Exercise requirements -
Starting with the line that contains "new 2025 Toyota" and stopping after the line that contains "T-shirt-RV-TS-4839.56P-pomarańczowy", copy the entries below exactly. Include nothing else.

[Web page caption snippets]
****************

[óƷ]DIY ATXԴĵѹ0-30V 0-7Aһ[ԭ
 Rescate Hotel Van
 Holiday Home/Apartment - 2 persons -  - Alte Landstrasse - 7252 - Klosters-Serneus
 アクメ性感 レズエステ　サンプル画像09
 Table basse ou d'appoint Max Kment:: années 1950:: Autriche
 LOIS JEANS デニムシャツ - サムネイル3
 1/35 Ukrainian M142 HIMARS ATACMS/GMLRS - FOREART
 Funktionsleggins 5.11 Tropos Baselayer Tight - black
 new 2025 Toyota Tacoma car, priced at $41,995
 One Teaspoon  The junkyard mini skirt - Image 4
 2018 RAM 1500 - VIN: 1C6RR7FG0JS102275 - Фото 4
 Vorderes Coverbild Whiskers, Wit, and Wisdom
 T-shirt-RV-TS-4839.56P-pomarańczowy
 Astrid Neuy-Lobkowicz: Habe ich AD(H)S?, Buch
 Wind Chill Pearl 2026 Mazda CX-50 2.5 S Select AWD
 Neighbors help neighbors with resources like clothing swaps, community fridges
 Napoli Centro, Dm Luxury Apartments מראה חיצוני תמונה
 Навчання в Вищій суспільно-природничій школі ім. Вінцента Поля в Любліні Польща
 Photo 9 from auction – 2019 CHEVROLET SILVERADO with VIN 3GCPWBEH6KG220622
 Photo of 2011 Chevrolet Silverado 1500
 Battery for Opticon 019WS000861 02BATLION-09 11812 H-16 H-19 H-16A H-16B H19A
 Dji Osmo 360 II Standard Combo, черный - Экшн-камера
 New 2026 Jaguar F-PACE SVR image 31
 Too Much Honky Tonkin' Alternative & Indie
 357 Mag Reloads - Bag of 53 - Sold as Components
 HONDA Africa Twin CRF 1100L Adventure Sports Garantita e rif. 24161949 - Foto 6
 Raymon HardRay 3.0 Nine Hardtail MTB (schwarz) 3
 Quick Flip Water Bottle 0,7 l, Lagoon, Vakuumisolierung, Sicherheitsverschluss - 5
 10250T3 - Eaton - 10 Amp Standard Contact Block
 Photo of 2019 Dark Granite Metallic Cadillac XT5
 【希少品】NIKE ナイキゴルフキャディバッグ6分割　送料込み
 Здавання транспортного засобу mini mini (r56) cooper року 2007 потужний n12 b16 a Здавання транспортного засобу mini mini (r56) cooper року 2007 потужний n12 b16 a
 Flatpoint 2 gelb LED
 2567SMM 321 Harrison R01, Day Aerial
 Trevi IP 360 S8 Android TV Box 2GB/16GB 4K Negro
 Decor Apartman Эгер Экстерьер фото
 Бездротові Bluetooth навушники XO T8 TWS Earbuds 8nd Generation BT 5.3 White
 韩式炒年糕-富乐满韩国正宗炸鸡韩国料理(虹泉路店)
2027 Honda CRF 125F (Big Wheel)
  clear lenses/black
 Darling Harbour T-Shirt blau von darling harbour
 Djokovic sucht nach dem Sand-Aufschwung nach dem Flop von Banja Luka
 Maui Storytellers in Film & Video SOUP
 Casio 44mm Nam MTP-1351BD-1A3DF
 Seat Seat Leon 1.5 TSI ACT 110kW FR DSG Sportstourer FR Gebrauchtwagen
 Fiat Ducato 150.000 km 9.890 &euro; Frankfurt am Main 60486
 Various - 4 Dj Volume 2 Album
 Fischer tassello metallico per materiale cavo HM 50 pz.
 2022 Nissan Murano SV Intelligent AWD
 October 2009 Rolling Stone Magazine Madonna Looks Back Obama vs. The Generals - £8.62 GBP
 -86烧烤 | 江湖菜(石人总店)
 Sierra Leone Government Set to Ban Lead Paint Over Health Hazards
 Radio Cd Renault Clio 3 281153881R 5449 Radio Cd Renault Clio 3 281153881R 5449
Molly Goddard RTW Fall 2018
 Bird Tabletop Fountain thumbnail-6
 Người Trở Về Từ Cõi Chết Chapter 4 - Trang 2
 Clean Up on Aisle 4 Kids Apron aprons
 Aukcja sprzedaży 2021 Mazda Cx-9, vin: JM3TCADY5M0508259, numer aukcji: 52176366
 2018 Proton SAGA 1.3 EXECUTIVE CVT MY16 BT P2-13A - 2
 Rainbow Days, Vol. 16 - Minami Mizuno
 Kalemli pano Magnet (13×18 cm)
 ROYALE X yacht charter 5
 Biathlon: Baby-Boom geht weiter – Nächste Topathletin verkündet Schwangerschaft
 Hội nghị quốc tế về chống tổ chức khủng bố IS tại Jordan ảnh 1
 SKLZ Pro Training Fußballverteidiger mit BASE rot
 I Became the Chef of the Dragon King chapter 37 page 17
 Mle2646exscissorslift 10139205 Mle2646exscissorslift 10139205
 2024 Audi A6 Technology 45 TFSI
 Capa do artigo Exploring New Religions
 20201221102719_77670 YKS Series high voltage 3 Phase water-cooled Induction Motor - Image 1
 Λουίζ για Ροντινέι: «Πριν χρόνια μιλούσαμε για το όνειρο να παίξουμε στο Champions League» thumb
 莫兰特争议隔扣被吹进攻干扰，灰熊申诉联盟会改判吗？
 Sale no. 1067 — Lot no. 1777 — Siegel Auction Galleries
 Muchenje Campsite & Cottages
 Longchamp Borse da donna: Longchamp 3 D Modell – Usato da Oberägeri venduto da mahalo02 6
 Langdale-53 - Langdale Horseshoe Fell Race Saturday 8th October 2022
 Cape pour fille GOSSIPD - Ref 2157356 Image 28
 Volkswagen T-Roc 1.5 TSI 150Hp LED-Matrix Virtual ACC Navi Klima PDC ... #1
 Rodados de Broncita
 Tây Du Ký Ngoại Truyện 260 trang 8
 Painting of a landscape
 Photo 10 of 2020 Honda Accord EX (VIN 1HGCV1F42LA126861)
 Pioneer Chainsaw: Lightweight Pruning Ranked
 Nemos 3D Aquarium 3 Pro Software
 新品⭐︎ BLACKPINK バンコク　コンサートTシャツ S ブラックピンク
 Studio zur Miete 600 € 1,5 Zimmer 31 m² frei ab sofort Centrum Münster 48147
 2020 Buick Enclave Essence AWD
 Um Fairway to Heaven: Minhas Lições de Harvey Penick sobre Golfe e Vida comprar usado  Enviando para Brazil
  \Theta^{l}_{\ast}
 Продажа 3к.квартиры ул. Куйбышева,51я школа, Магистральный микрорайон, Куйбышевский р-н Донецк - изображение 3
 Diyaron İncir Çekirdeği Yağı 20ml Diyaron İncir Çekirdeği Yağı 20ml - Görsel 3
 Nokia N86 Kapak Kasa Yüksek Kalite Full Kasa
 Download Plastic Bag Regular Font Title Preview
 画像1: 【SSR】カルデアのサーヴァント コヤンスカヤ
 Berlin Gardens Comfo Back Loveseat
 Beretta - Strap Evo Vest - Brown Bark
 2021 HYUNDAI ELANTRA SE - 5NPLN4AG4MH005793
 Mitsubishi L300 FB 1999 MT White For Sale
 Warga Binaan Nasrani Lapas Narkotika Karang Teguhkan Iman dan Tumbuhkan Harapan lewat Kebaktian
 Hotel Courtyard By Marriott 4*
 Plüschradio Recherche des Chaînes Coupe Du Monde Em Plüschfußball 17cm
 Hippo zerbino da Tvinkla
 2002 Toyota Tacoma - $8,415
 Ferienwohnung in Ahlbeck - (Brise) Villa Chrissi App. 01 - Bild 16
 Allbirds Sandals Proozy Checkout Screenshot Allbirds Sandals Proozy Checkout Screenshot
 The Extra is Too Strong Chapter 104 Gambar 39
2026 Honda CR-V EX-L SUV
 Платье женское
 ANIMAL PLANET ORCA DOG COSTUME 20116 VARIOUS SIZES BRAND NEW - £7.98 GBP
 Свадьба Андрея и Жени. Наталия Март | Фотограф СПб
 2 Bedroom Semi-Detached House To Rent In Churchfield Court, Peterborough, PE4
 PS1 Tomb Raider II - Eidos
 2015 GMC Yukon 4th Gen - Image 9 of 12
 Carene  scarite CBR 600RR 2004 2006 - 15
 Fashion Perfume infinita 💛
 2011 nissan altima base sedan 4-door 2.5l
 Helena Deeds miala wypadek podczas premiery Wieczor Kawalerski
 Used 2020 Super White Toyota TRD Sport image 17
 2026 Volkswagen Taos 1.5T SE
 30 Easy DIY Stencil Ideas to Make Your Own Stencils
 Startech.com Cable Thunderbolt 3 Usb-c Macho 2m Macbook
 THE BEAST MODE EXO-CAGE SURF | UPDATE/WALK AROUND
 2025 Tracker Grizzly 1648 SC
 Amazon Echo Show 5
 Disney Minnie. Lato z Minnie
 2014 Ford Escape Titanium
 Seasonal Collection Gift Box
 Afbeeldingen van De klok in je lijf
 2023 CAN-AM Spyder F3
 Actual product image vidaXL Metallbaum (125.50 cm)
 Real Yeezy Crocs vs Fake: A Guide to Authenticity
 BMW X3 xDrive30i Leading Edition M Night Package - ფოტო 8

****************

Your solution -
 new 2025 Toyota Tacoma car, priced at $41,995
 One Teaspoon  The junkyard mini skirt - Image 4
 2018 RAM 1500 - VIN: 1C6RR7FG0JS102275 - Фото 4
 Vorderes Coverbild Whiskers, Wit, and Wisdom
 T-shirt-RV-TS-4839.56P-pomarańczowy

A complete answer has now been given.